Repeated calls to event leaders this week were not returned.

The email states that the amount of work, cost and “difficulties navigating the politics of the festival” drained the foundation’s limited resources and were factors in the decision to cancel the event. It also said organizers no longer “see the benefit of keeping it” in its current state. They plan to change the focus of the foundation to supporting youth arts education programs. The email says the foundation has a mandate to support youth arts education programs both on and off Whidbey Island.

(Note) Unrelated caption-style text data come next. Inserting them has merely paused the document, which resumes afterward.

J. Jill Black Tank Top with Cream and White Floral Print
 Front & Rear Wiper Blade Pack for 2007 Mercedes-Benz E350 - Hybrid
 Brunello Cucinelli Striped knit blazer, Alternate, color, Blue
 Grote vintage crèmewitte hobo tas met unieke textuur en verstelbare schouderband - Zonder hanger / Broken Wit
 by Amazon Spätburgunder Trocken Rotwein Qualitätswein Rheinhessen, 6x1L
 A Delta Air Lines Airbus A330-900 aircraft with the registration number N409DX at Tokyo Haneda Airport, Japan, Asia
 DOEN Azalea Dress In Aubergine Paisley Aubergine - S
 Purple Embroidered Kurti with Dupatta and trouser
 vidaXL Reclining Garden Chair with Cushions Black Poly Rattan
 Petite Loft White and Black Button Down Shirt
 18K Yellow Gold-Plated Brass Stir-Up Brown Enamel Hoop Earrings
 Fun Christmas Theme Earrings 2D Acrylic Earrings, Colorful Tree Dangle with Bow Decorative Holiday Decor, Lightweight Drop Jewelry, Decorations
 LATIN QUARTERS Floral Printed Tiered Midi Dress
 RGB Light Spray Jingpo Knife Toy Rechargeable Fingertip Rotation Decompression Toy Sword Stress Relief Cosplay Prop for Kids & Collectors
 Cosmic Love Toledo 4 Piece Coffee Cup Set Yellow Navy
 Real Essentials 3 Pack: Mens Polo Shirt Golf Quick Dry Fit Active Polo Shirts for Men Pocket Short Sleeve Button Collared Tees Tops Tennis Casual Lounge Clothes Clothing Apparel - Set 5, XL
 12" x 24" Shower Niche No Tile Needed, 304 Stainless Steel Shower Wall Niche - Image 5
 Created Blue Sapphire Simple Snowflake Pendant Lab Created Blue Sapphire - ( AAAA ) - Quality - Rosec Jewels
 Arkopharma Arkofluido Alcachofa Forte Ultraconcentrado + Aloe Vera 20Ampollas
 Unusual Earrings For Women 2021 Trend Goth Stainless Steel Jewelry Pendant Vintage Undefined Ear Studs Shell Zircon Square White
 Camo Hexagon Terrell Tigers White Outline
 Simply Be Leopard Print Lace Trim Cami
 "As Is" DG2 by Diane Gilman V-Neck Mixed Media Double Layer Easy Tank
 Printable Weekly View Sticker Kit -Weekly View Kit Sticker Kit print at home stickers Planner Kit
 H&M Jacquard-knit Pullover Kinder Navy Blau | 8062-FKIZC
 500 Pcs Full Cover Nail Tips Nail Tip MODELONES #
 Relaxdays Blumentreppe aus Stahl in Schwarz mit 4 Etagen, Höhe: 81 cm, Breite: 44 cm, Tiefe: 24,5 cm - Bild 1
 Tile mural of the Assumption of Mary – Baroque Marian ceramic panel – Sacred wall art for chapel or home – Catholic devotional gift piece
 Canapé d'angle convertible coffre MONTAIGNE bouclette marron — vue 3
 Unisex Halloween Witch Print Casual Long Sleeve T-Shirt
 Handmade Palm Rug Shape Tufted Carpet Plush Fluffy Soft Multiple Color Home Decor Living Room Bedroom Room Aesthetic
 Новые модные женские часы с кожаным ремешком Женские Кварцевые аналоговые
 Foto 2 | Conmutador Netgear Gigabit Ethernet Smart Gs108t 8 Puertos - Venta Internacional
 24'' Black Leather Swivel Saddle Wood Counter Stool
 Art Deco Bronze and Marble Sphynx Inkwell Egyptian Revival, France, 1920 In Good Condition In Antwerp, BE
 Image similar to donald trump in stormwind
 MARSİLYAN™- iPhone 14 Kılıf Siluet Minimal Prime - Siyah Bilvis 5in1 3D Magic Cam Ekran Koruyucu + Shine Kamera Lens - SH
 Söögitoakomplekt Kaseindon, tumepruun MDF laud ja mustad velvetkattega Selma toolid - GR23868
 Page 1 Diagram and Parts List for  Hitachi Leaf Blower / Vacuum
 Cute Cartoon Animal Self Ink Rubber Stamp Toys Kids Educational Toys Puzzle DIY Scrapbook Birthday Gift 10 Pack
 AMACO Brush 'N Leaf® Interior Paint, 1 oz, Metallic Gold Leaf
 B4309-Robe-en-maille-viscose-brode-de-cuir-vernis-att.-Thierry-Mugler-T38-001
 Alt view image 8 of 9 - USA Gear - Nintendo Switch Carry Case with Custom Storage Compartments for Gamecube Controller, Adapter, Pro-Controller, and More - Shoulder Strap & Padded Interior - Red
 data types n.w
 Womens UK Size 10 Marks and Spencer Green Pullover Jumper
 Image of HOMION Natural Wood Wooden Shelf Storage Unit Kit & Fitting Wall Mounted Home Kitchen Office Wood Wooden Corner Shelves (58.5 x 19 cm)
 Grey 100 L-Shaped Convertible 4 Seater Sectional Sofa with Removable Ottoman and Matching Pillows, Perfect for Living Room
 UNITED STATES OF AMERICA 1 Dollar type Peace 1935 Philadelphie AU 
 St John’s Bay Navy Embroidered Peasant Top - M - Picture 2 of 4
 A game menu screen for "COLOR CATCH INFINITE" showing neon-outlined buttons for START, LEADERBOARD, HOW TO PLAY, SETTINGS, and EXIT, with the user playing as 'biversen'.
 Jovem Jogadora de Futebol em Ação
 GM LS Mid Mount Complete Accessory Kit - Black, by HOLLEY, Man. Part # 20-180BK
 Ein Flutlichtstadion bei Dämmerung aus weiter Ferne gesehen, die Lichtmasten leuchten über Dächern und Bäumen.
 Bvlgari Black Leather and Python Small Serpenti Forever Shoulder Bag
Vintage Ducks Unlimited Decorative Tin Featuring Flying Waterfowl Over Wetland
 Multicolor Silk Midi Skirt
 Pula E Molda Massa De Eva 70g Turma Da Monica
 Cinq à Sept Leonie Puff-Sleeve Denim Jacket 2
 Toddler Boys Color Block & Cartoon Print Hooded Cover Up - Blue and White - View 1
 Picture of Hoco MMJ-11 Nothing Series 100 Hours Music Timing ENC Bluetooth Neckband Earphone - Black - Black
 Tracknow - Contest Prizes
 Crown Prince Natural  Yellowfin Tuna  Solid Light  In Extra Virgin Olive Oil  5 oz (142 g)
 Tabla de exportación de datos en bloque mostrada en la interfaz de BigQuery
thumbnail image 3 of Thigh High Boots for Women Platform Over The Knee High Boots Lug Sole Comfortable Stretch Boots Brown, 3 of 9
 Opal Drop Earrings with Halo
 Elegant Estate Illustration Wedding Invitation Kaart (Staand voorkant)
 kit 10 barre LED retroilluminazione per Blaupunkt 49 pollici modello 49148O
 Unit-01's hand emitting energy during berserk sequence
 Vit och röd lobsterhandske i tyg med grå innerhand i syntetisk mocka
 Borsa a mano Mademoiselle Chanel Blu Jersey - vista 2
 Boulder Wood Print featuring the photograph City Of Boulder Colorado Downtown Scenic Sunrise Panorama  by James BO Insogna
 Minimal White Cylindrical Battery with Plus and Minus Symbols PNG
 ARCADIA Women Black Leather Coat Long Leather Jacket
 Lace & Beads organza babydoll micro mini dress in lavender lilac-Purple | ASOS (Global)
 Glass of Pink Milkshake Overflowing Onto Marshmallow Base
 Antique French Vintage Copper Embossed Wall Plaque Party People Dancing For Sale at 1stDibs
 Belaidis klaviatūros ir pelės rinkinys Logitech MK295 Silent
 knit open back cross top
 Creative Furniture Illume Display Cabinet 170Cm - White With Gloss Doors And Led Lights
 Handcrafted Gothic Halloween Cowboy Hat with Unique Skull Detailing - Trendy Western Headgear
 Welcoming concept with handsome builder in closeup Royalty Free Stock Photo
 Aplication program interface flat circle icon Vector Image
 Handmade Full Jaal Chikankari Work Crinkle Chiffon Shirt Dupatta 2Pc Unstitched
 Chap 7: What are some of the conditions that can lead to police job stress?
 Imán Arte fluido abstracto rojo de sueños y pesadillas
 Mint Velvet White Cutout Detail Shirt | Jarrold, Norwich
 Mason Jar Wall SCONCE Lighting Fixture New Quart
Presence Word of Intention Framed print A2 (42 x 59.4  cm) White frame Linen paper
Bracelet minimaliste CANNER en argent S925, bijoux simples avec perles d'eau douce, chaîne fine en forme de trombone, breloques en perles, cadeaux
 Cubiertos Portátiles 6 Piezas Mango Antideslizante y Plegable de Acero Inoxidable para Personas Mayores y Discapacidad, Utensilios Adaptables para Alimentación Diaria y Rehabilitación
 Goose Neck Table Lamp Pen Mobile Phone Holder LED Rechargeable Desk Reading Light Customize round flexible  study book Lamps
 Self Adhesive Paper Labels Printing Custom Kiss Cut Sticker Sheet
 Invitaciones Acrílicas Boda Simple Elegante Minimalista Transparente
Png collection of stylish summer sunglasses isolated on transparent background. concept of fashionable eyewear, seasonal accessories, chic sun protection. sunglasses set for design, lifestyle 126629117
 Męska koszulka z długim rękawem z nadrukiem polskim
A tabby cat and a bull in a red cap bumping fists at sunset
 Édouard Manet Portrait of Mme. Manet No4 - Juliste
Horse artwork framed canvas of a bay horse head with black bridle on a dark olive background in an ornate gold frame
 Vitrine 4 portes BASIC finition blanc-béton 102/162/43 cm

“We feel strongly that the funds that Choochokam raises to subsidize the festival can be put to better use to help bring arts education to our children through school and after school programs,” the email said.

Organizers say they plan to refund booth payments immediately.

Doug Coutts, director of South Whidbey Parks and Recreation District, was given the news by organizers on Monday that the festival was “not moving forward.”

It would mark the second year in a row the event has been scrubbed. Organizers Celia Black, Gwen Jones and Michela Angelini, who run the Choochokam Arts Foundation, cancelled the 2016 event due to logistical problems with moving the event to Community Park. The organizers also moved the event out of Langley to “allow for growth.”

It was the first cancellation in the event’s 40-year history.

There were more problems than not being able to get the event on its feet. Over a dozen vendors who signed up for the 2014, 2015 and 2016 events complained of being owed between $300-380 for booth fees that had yet to be returned. The Record interviewed nine of the vendors who were owed a combined $6,485. Black and Jones promised to pay back the vendors, which appears to have happened for at least two vendors who told The Record they were reimbursed.

Coutts said the event was nearing the final stages of approval when the organizers asked him to remove it from the agenda for the commissioners’ regular monthly meeting on Wednesday night.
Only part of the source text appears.